Frédéric Halbreich nous convie à une forme de création artistique faite en vérité d'une authentique discipline dont les composantes technique et spirituelle révèlent à la fois singularité et intemporalité.
L'instinct créateur de ce poète aussi mélomane, s'alimente à la source de valeurs qu'il juge "repères". Il parle de la rigueur extrême de ses procédés picturaux voir sculpturaux; il évoque une patience mentale à toute épreuve et la quête fervente -
mais toujours précaire - d'une perfection formelle qu'il veut sans concessions.
Sur ce "chemin de Compostelle" chromatique, dont le tracé indique l'orient d'un absolu de la couleur noire, en fait, un rêve élevé au rang de matière vivante, Frédéric Halbreich pose ses pas, un à un, lentement. Ils sont infiniment nombreux.
En une formule lapidaire, il dira aussi que son Graal est en quelque sorte "le noir d'un piano de concert". Un mythe?
Chaque oeuvre est "intégrale" en ce qu'il façonne lui-même et dans tous les cas au moyen de lattis pour les arêtes, le support ou le caisson (qu'il appelle "sarcophage", un hasard?) et qui "portera" l'élément central et le moins "abstrait" de l'oeuvre, la matière.
La face antérieure du sarcophage est constituée dans les oeuvres récentes de plaques d'aluminium, autrefois des panneaux de bois ou des toiles de jute.
L'oeuvre ne mérite t'elle pas autant l'appellation de sculptures à plat que de tableaux?
La préparation minutieuse du support - quant il est métallique - ainsi que celle de ses arêtes, suppose moult ponçages au papier de verre ultrafin générant une matière la plus veloutée possible, base qui accueillera les couches successives de
peinture à l'huile appliquées à la spatule d'une pression manuelle variablement accentuée. Ce sont ces variances qui lui permettront d'accéder à de surprenantes déclinaisons dans la gamme des noirs.
A l'instar du travail de laque, ces strates picturales (pigments) - au nombre de dix voire davantage - requièrent chacun un délai approprié à leur séchage.
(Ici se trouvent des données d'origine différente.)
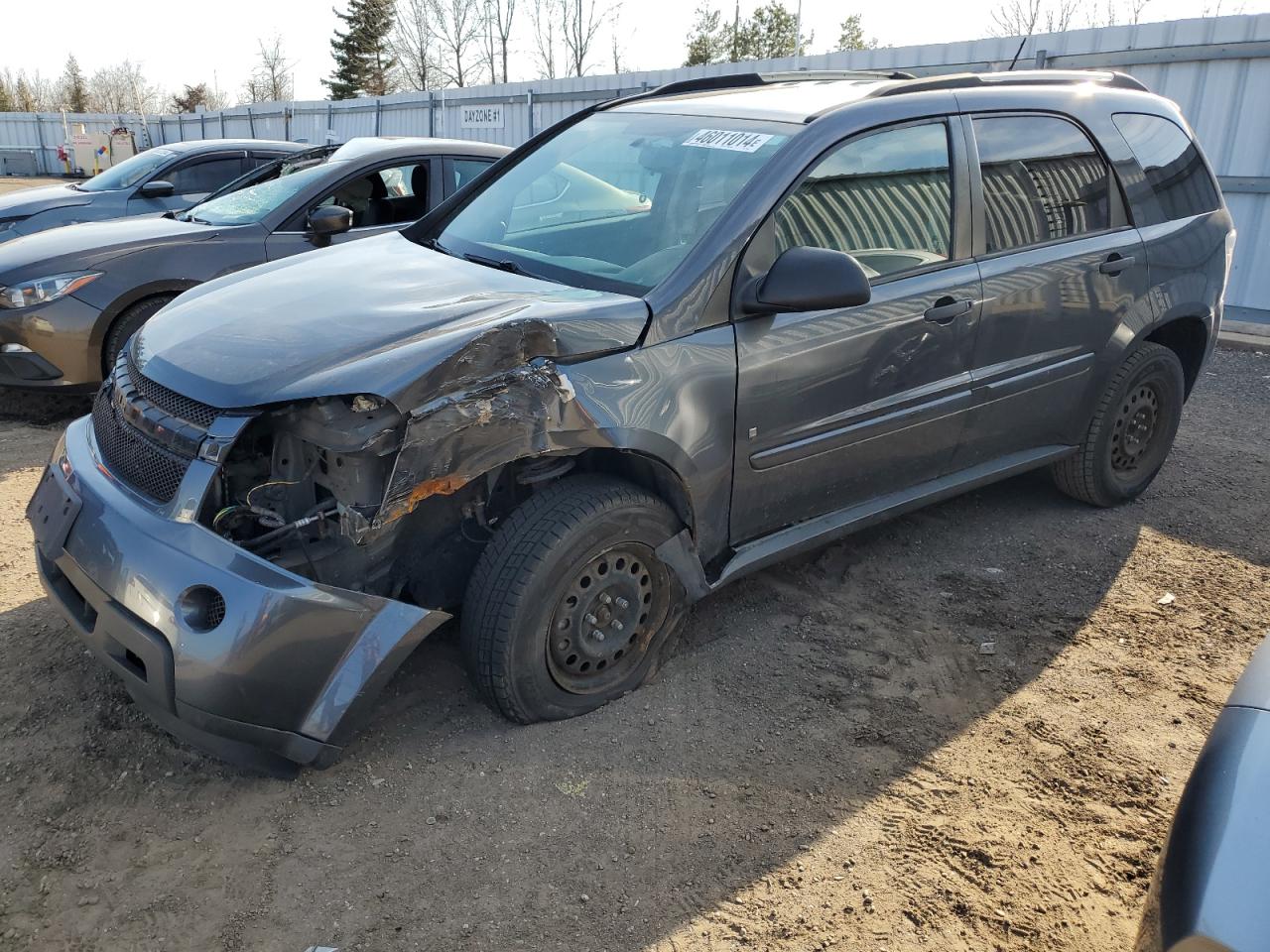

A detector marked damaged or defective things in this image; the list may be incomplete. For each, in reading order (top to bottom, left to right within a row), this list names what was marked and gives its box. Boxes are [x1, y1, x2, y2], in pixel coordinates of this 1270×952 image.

dented hood [134, 233, 650, 411]
damaged gray suv [30, 70, 1234, 772]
Suivent alors de nouveaux ponçages minutieux destinés à éliminer griffures ou accidents.
Plus "le grain de peau" du tableau est fin, plus évidente est la réfraction lumineuse extérieure, obtenue au lustrage c-à-d lors de l'apposition au tampon de vernis dilués à l'aide de solvants, dans d'autres cas un acrylique sur toile de jute.
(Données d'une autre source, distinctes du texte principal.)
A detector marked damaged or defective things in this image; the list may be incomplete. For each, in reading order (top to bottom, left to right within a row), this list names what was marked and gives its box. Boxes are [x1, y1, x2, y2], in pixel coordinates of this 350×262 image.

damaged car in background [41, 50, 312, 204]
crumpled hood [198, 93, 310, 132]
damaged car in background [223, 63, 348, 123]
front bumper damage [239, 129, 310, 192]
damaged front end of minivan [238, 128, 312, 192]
Cette recherche fiévreuse - le plus souvent de la brillance luminescente de la nuit - ou de son contraire saturé et sourd selon le type de support, génère ce que l'artiste appelle le "contenu spirituel vibratoire".
Paraphrasant Serge Poliakoff qu'il admire, l'artiste confirme que "la couleur ou même sa tonalité n'importe guère, seule importe la qualité de la couleur".
Une forme d'extase fragile et visuelle, car dit-il : "Si cette composante se présente, c'est elle qui véhiculera vers le spectateur l'émotion qu'il est venu chercher".
Une part d'invisible qui connaît son correspondant dans la résonance intime du chant grégorien, dans la rigueur harmonique d'une partita de Jean-Sébastien Bach ou encore, dans l'abstraction phonique d'un Morton Feldman par exemple.